Over the last couple of months, I’ve been exploring liminality as a structure to think differently about how we transform and change, and the structures and concepts of liminality that are relevant to the navigate the journey. That’s fine in theory, but there is also the question of what it’s like to live with that in practice. To think and explore what it really means to navigate the liminal, in-between world of previous status and future identity, and to make sense of what it means to commit to the journey.
In doing so, I’ll likely be getting a bit more personal, as I examine my own experiences and journeys, and try to use those insights to illuminate the ideas that we’re exploring. And exploring is very much the operative concept at play here.
As I’ve mentioned before, liminality is a deceptively simple concept to describe and relate to. The structure is breathtakingly straightforward: there are three stages, and we navigate through each in turn. The preliminal stage is all about letting go of who we once were. The liminal stage is the journey of learning and discovery and developing of the resources and confidence to become who we are about to be (without actually being that new thing just yet). And the postliminal stage is the transition to our new identity. It’s where we assume the mantle of our new status and sense of being, and our reassimilation as we come to terms with our new identity.
It’s very easy to describe but very difficult to transition through, though, in real life. The significance of defining the concept of liminality as an anthropological concept was the recognition of the importance of ritual, transition and transformation in how individuals and communities develop. The structure, and its essential universality, provided a fundamentally valuable framework that has been developed and expanded upon.
Living within and managing the progression through in-between spaces is an entirely different proposition. We don’t see the structure. We don’t see the map. We don’t recognize the patterns and stages, and the compelling structure that we ascribe to liminality is not apparent when you’re wandering through it.
What predominates when we’re navigating the in-between spaces is uncertainty. Doubt. Lack of clarity. With that comes anxiety. Discomfort. Fear. Stress. How much these emotions predominate, and the influence they have, depends on both the situation, ourselves and our circumstances. There are those who embrace uncertainty and genuinely love the feeling that the ground can move under their feet at any moment and lurch them in a new direction.
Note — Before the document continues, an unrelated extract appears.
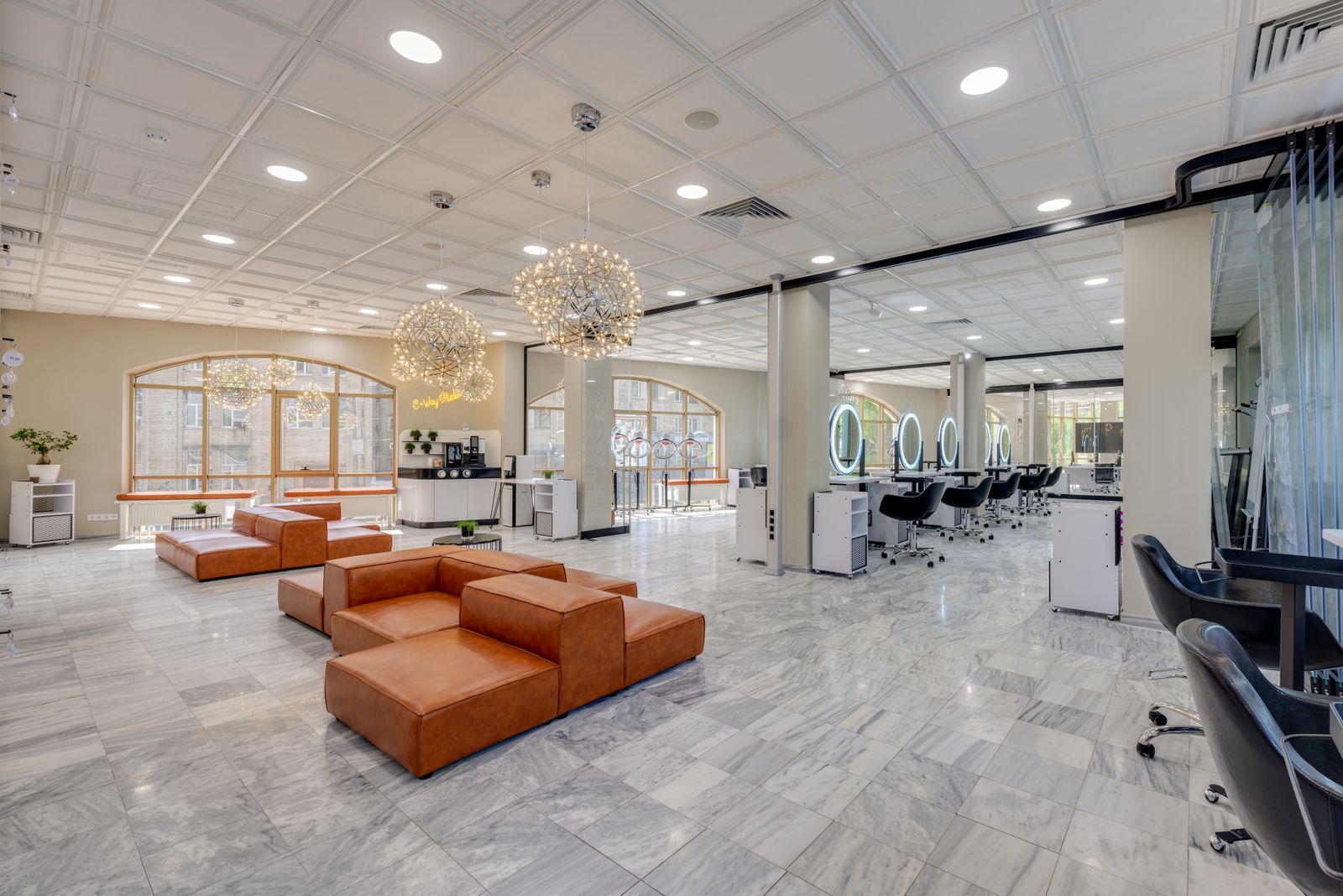 A bright, modern neighborhood salon interior.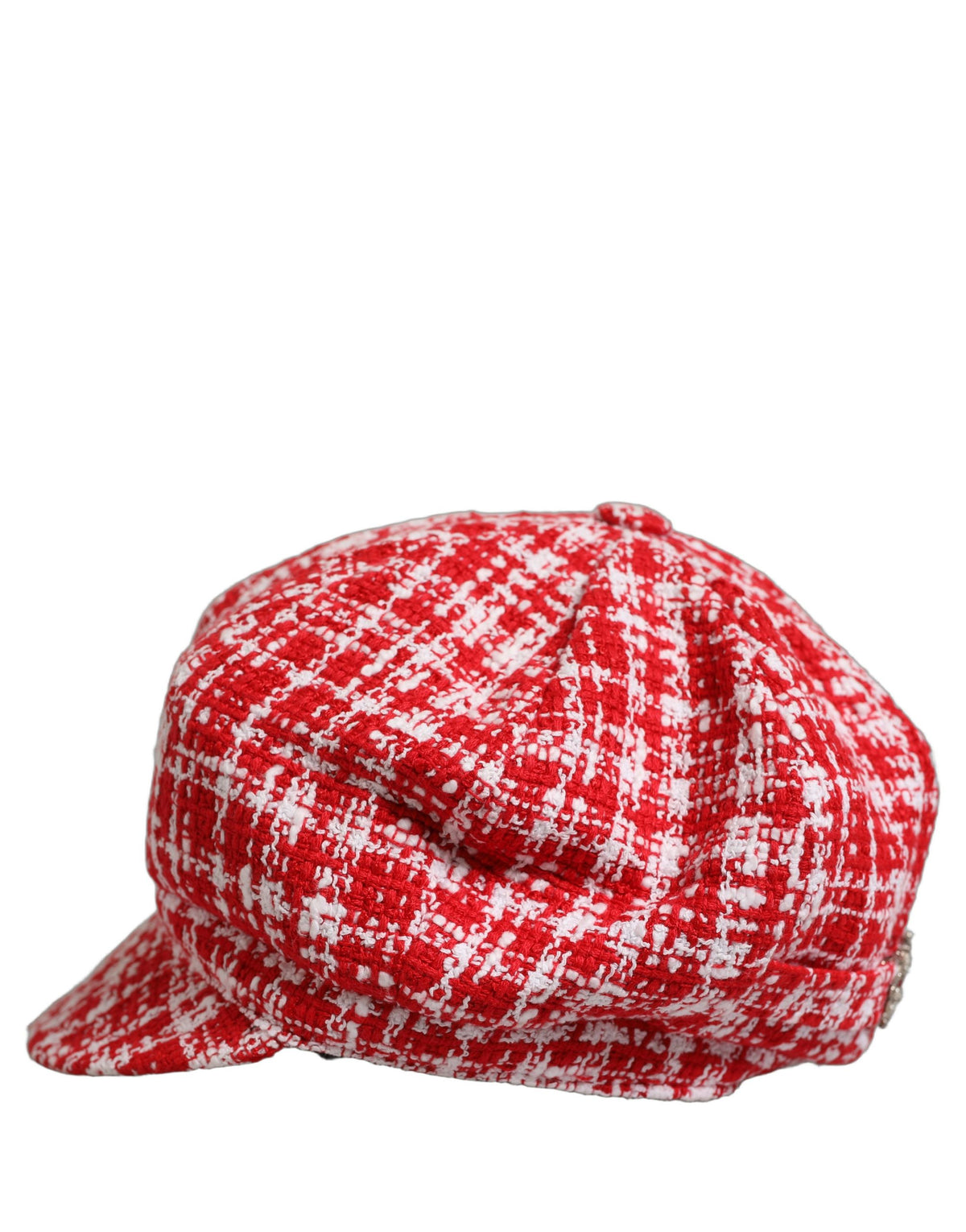 Dolce & Gabbana Red White Tweed Textured Baker Boy Capello Hat weiss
There are others for whom simply reading that sentence is enough to make them nauseous.
A significant aspect of living through liminal periods is recognizing that this is what’s going on. We need to be able to identify and appreciate that we are working through—or about to contemplate—a transition. The start of the preliminal stage doesn’t begin with fanfare and recognition. It starts with a glimmer. The notion of a question emerges. A nagging sense of doubt, possibility or hope makes itself known. We begin to figure out what we think and how we relate to that question.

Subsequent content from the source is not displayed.